What is needed = A verbatim copy of the listing is needed; pictures are to be left out.

Source material =
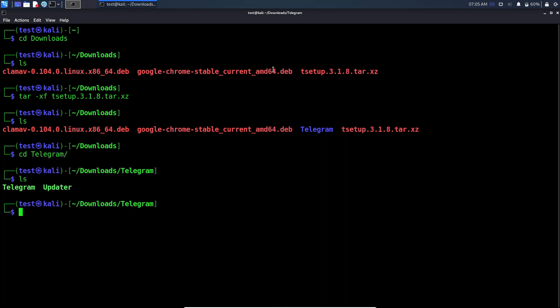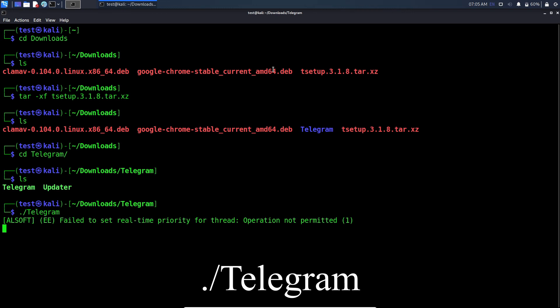In this folder you will see two programs, one is telegram and the other one is the updater. Type dot slash telegram to run telegram.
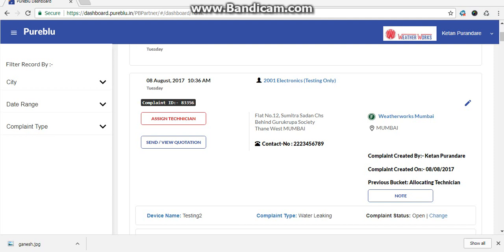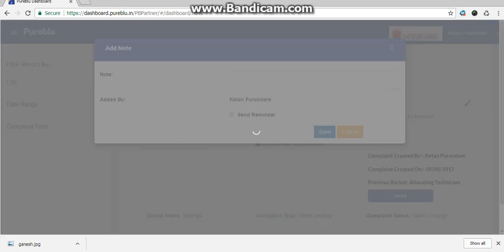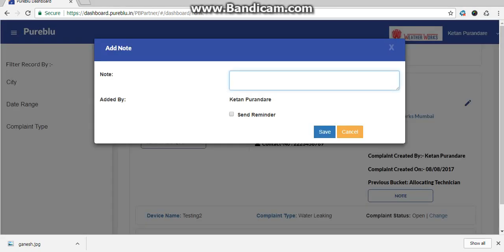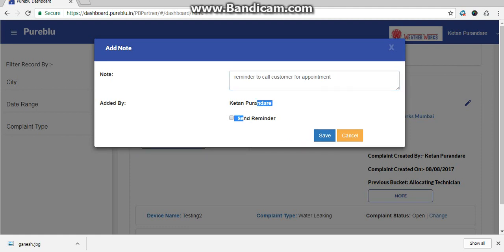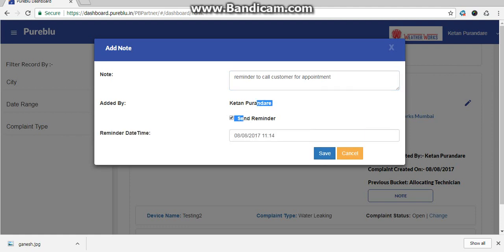How to assign a note? If you want to assign a note for a particular complaint as a reminder, you can do it. You have to select a particular complaint, click on note, type a note, and click send reminder.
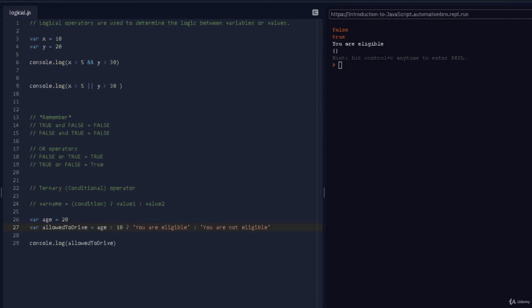Alright, so that was it for logical and ternary operators. You can access the link in the resources section and try this out on your own. Once you are done, I will see you in the next lecture.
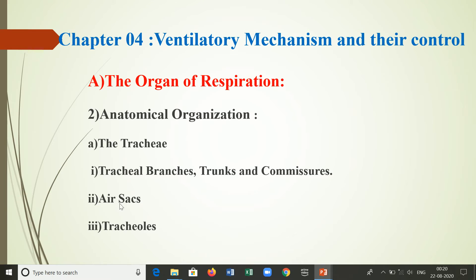At various places, the trunks and commissures dilate into large air sacs, which undergo periodic contraction and expansion to accelerate the process of respiration or ventilation. They provide buoyancy during flight and may also function as heat insulators, sound resonators, or hydrostatic organs in aquatic insects. They are more developed in flies, wasps, bees, ants, dragonflies, and some beetles.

Response =
In this folder you will see two programs, one is telegram and the other one is the updater. Type dot slash telegram to run telegram.
How to assign a note? If you want to assign a note for a particular complaint as a reminder, you can do it. You have to select a particular complaint, click on note, type a note, and click send reminder.
Alright, so that was it for logical and ternary operators. You can access the link in the resources section and try this out on your own. Once you are done, I will see you in the next lecture.
At various places, the trunks and commissures dilate into large air sacs, which undergo periodic contraction and expansion to accelerate the process of respiration or ventilation. They provide buoyancy during flight and may also function as heat insulators, sound resonators, or hydrostatic organs in aquatic insects. They are more developed in flies, wasps, bees, ants, dragonflies, and some beetles.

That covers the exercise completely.